La concezione dei "diritti umani" di Amnesty International implica che gli israeliani hanno il dovere di lasciarsi uccidere dai terroristi per non creare problemi ai palestinesi.
Più di tutti, gli israeliani che vivono negli insdiamenti devono essere continuamente esposti alla violenza palestinese. Devono morire in automobile e nelle loro case, colpiti dai cecchini palestinesi o in agguati sanguinosi. Non hanno diritto a nessuna protezione.
Il RIFORMISTA in un editoriale del 5 giugno, adotta in pieno questo "punto di vista".

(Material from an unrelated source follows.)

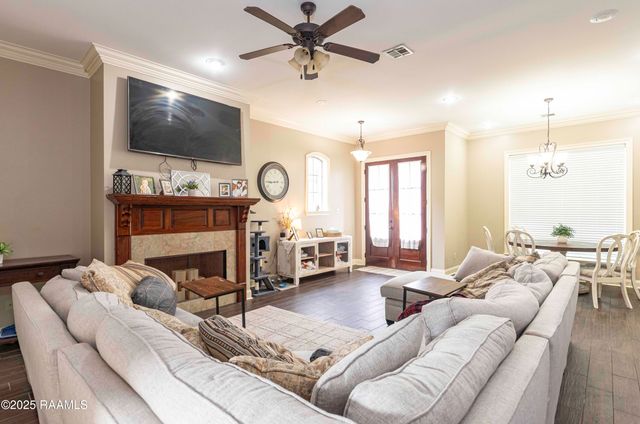 108 Fox Creek Drive, Youngsville, LA 70592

Davvero, sembra non sia rimasto nulla, o quasi, del tentativo di Antonio Polito di creare un quotidiano di sinistra, ma libero da condizionamenti e pregiudizi ideologici.
Ecco il testo:
La geografia dell'occupazione consta di circa 550 check-point e blocchi permanenti delle strade, migliaia di posti di blocco volanti, oltre 200 fra colonie, insediamenti e avamposti illegali in cui abitano 450mila persone. E poi 700 chilometri di strade riservate ai coloni e altri 700 chilometri di muri di cemento alti fino a nove metri, reti metalliche, barriere, che rendono un quotidiano percorso a ostacoli (e spesso un calvario) la vita di oltre due milioni di palestinesi in Cisgiordania. Persone che vivono e muoiono, con estrema difficoltà, in un posto grande suppergiù come la provincia di Roma.

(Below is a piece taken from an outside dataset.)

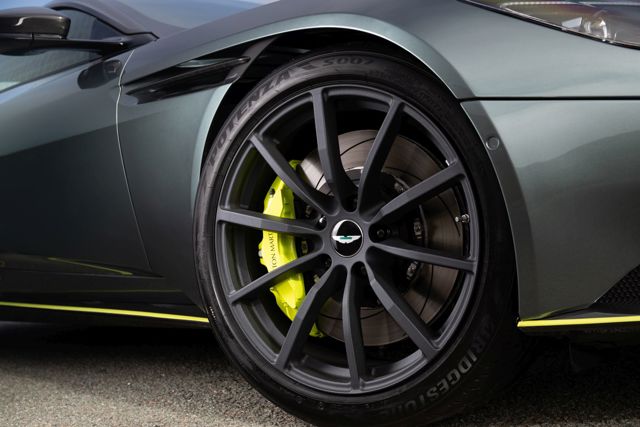 Aston Martin Db11 foto 6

Sembrerebbe il freddo, legnoso cahier des doleances che ogni anno, con qualche variazione, viene redatto sulle condizioni di vita dei palestinesi. Quest'anno, visto che son trascorse quaranta primavere dalla guerra dei Sei Giorni, con qualche enfasi in più. Il problema è che le cifre, i numeri, l'elenco prodotti da Amnesty International nel suo duro rapporto contro la politica di Israele in Cisgiordania (Enduring Occupation, http://www.amnesty.org/resources/pdf/Israelreport.pdf) sono, individui, potenziali cittadini di uno stato - quello palestinese - che però difficilmente vedrà la luce se la geografia dell'occupazione rimarrà questa. Il Muro di separazione deve essere smantellato, denuncia Amnesty. Ma non solo: le colonie, le strade separate per i coloni, i checkpoint devono essere rimossi, per togliere l'“assedio” ai palestinesi, ai quali vengono imposte «restrizioni di movimento in quanto palestinesi», non per questioni di sicurezza, secondo la posizione del governo israeliano, ribadita anche ieri. Ma «perché ne beneficino i coloni».
Amnesty denuncia, e non da oggi, quel che viene denunciato dai rapporti delle organizzazioni internazionali, come le agenzie dell'Onu che operano quotidianamente sul terreno. L'Ocha, l'Oms, la Banca Mondiale, l'Unrwa, le risoluzioni del Consiglio di Sicurezza. Amnesty parla di vita quotidiana e grande politica. Di uno stravolgimento del territorio che non porterà a nessuna pace, sin quando non si coniugherà la parola sicurezza con quella di riconoscimento, non solo da parte palestinese ma anche da parte israeliana, di uno Stato possibile. E non di un simulacro senza nessun futuro reale.